Hot Modesto days were broken into bearable halves by the arctic cool of a dark and cavernous theater. (Four screens, baby, all the time.) If I wasn’t working, I could bring friends to see a movie. If I was working, I was inside in the air-conditioning all day. Granted, I was wearing pantyhose (horrors!), some kind of black, synthetic stretch pants, a butter-colored, grease-stained (butter flavoring with partially hydrogenated soybean oil and TBHQ as a preservative, according to the label) rayon blouse, but I was inside and cool. I don’t remember seeing anything that could qualify as art, and I saw the same parts of the good movies dozens of times on my break, but it was still fun to sit in the cave-like darkness with my diet-coke-and-root- beer and my cardboard box of employee popcorn. I knew all of the songs that ended all of the movies, from "B-B-B-Bad to the Bone" that ended a Stephen King flick (either Cujo or Christine) to the Ewok song "Yo-wah, eecha yo-o-o-wah...." from whichever Star Wars that was. I think Three—right? "Everybody cut, everybody cut- Footloose!" It wasn't such a bad way to spend the summer.
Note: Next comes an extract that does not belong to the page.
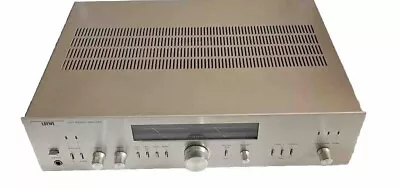Kaufen LOEWE AM-FM SX 6394/24 Hifi Sound Tuner Verstärker Vintage Stereo Amplifier • 349€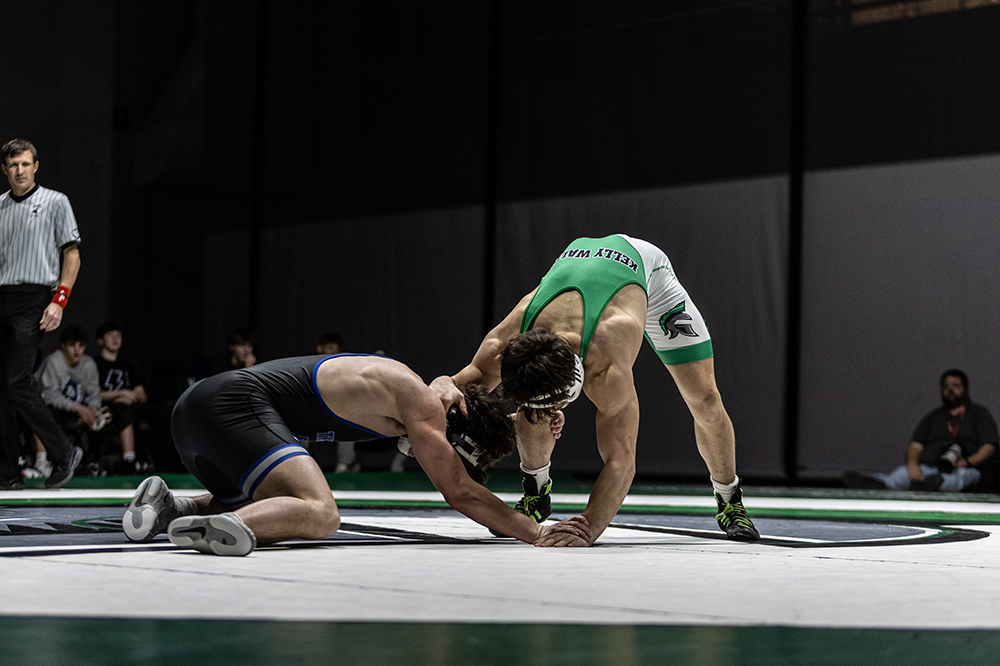 %_tempFileName1M6A6058%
I guess when I realized Modesto was bad for me was the year I came back from living in Santa Cruz. The few years between coming back and when I met Mike were some of the worst I can remember. Santa Cruz was total liberation for me--one of the things that I realized when I got out of my home town was how profound an effect the monotonous weather had on my level of happiness. Dense pea-soup fog for at least three months of the year, followed by the baking heat of over-100 summers made me a not very nice person. I don't like the heat. I mean, I like it in short bursts, but not for weeks at a time. Part of what I like about Napa Valley is that it's a small valley, closer to the marine influence, and our weather, hot or cold, always seems to break in about a week. I need that. When I finally got out of town again and came here, the weather just suited me better.
So. I was trying to wrap this up, but I feel like I want to move on to other things. Hope you got enough stuff to think about. I've got a recipe post that I want to put up now.
5 comments:
I can relate to you completely. I grew up in Modesto and went to high school with you. Back then, I was known as Kris Wyke. One of my best friends was Rob Dadasovich... it was so comfortably strange to see you mention Ginny in one of your posts. My world change when Robbie died. I remember my younger sister Kathy having a party at my apt. (Which I shared with Jennifer Anthony) with about 150 in honor of Rob. I think that was the turning point for me. I saw Modesto differently. I didn't want to be someone who celebrated death by helping 150 of my "closest" friends get drunk. Like you, I don't think I am better than Modesto, or my family that still resides there, but I have moved on to another chapter of my life.
Thank you for your eloquent posts, stories, and photographs. You are a very talented writer who has the ability to awaken many countless memories of my youth.
Thanks, Sleepless! Those are some awfully nice words. Glad to know you are out there.
I can relate! I am from Modesto (Davis 88) and so glad I no longer live there. I think the people who are there still get offended when we talk about Modesto negatively because they are trapped there, and it's a pretty brutal place to live. Yes, Roller King, Graceda, Vintage Faire, McHenry cruising...all of that shaped us...but it's a relief to move on from it. We're lucky to have escaped!